Even experienced billing teams run into problems with authorization. Some common challenges include:

 

  • Long wait times for insurance company decisions
  • Missing or incomplete medical documentation
  • Different rules for different insurance plans
  • Authorization expiring before the service is completed
  • Denials caused by small clerical errors


These issues can delay patient care and create extra work for billing staff. This is exactly why learning what is prior authorization in medical billing matters for every person working in a billing department, not just the senior staff.

How to Improve Your Prior Authorization Process

Here are a few tips and tricks to smooth and quicken the authorization process: 
 

  • Check insurance coverage prior to scheduling services 
  • Keep a checklist of services that commonly need approval
  • Submit requests with complete documentation the first time
  • Track authorization expiration dates closely
  • Follow up regularly with the insurance company on pending requests
     

Practices that build a strong system around these steps usually see fewer denied claims and faster payments from insurance companies.

How Gravita OASIS Review Helps Reduce Prior Authorization Delays

Gravita OASIS Review works closely with home health and revenue cycle teams to make the authorization process less stressful. The team monitors all requests from receipt through approval, ensures that all documents are submitted to an insurance company on time, and identifies missing documents before they result in a denial. 

Instead of letting authorization issues slow down patient care, Gravita OASIS Review helps practices stay ahead of deadlines and keep their claims moving smoothly. This type of assistance is important because at some point all practices have to face what is prior authorization in medical billing and having a reliable support partner makes medical billing much easier for a busy front office. 

Frequently Asked Questions on Prior Authorization in Medical Billing

What is prior authorization in medical billing?

In medical billing, prior authorization is the process a health care professional undergoes to obtain approval from the insurance company for specific procedures, tests, or treatments. It validates the service's medical necessity and plan coverage. 
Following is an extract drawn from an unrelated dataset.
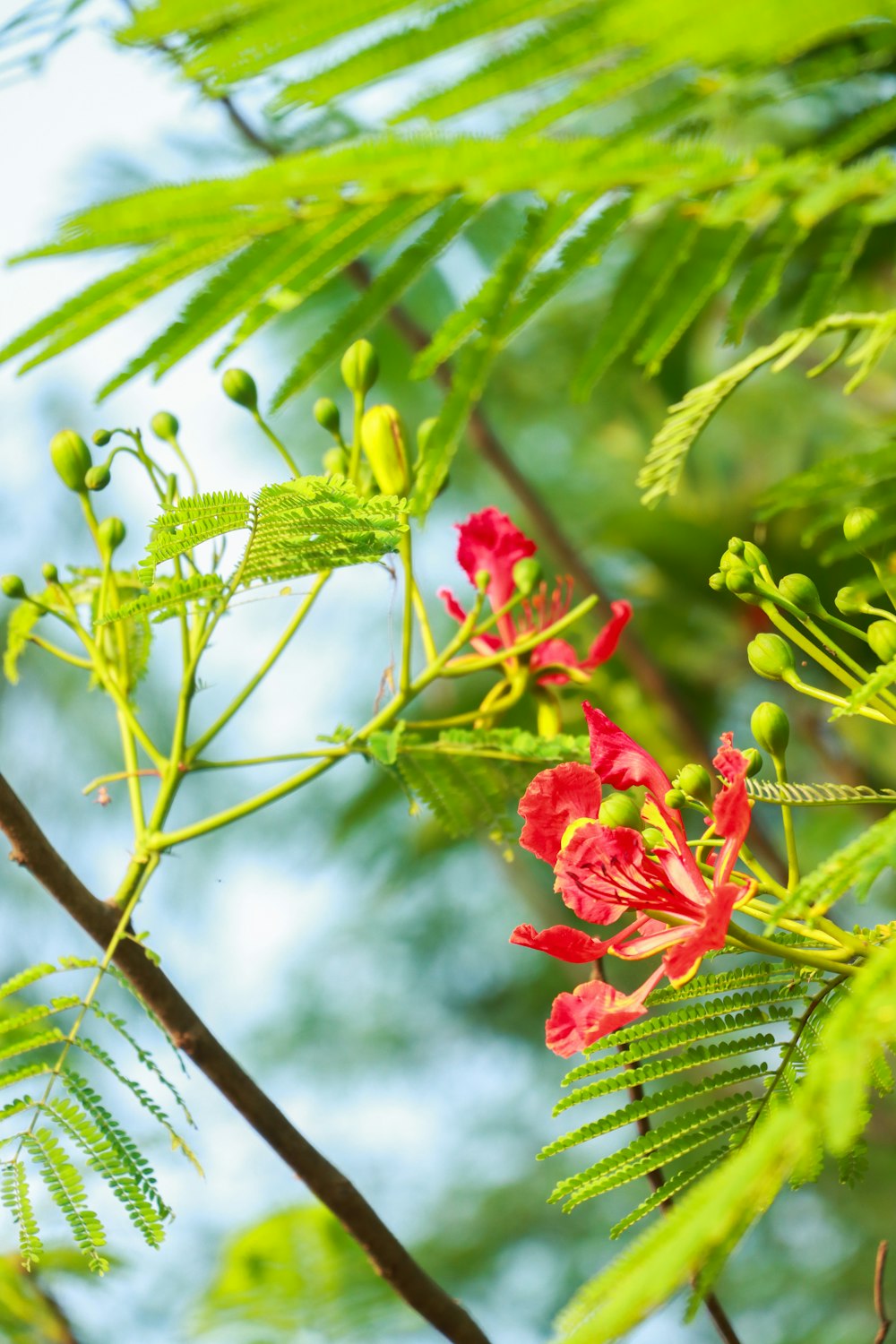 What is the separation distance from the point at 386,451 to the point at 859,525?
263 millimetres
What is pre authorization in medical billing?

Pre authorization in medical billing means almost the same thing as prior authorization. It is the approval process insurance companies use before agreeing to pay for a service, and many payers use this exact term in their official paperwork.
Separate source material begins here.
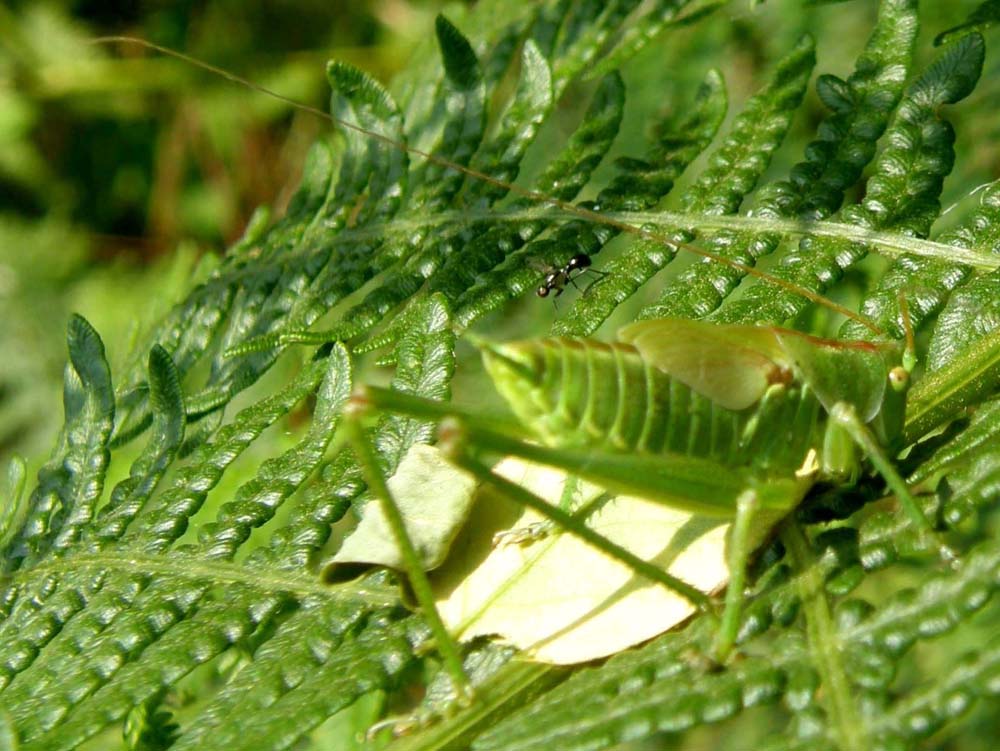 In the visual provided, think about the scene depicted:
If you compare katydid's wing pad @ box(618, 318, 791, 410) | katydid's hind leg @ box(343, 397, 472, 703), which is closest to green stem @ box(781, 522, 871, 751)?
katydid's wing pad @ box(618, 318, 791, 410)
What is pre certification in medical billing?

Pre certification in medical billing usually refers to the approval needed for hospital admissions or inpatient stays. It confirms that the length of stay and type of care are appropriate for the patient's condition.
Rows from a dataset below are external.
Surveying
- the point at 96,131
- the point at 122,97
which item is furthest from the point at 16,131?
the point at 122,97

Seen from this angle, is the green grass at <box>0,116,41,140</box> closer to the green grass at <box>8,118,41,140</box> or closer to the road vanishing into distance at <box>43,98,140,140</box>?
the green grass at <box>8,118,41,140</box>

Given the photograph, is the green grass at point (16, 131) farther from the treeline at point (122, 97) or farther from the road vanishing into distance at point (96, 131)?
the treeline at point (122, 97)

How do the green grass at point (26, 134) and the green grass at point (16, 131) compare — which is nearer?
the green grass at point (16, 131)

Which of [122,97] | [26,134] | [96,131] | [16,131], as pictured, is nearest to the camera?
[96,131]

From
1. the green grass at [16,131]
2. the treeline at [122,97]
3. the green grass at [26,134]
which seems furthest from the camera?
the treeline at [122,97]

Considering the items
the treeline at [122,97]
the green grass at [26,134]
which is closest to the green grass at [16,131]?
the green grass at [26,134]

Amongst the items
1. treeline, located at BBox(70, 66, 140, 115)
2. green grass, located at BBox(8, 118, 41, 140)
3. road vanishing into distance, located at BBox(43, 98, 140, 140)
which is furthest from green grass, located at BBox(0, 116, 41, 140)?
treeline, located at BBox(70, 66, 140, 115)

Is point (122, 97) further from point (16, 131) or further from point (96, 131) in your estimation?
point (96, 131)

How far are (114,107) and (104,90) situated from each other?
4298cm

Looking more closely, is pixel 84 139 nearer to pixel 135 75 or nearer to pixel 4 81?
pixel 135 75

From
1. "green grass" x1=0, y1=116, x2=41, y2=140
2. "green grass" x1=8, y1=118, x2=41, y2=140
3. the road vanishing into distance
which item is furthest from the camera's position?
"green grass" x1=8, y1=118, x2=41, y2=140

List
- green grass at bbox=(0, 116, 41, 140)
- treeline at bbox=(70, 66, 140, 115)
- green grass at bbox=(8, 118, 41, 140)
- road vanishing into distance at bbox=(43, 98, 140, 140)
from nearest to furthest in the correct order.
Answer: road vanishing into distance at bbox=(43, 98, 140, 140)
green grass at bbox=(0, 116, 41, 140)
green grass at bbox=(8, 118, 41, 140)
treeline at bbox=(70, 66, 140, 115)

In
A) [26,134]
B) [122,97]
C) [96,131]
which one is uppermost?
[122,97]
What are the types of authorization in medical billing?

The main types of authorization in medical billing include prior authorization, pre authorization, pre certification, referral authorization, and concurrent authorization, each used for a different stage of patient care.

What is referral authorization in medical billing?

Referral authorization in medical billing is the approval a primary doctor receives before sending a patient to a specialist. It makes sure the specialist visit will be covered by the patient's insurance plan.

Why do insurance companies require prior authorization?

Insurers need to get pre-authorization to help manage costs, verify medical necessity and prevent paying out for unnecessary care. 

What is prior authorization in medical billing example?

For instance, an MRI scan. The doctor's office must be referred to the insurance company before the imaging center carries out the scan. After the provider gets authorization, he/she can add the authorization number to the claim and the claim can be billed properly. 
 

With the understanding of what is prior authorization in medical billing, both patients and providers can stay clear of denied claims, unexpected bills, and delays. This is one of the significant steps in the medical billing process, ranging from pre authorization to pre-certification, referral authorization and the various types of authorizations for different insurance plans.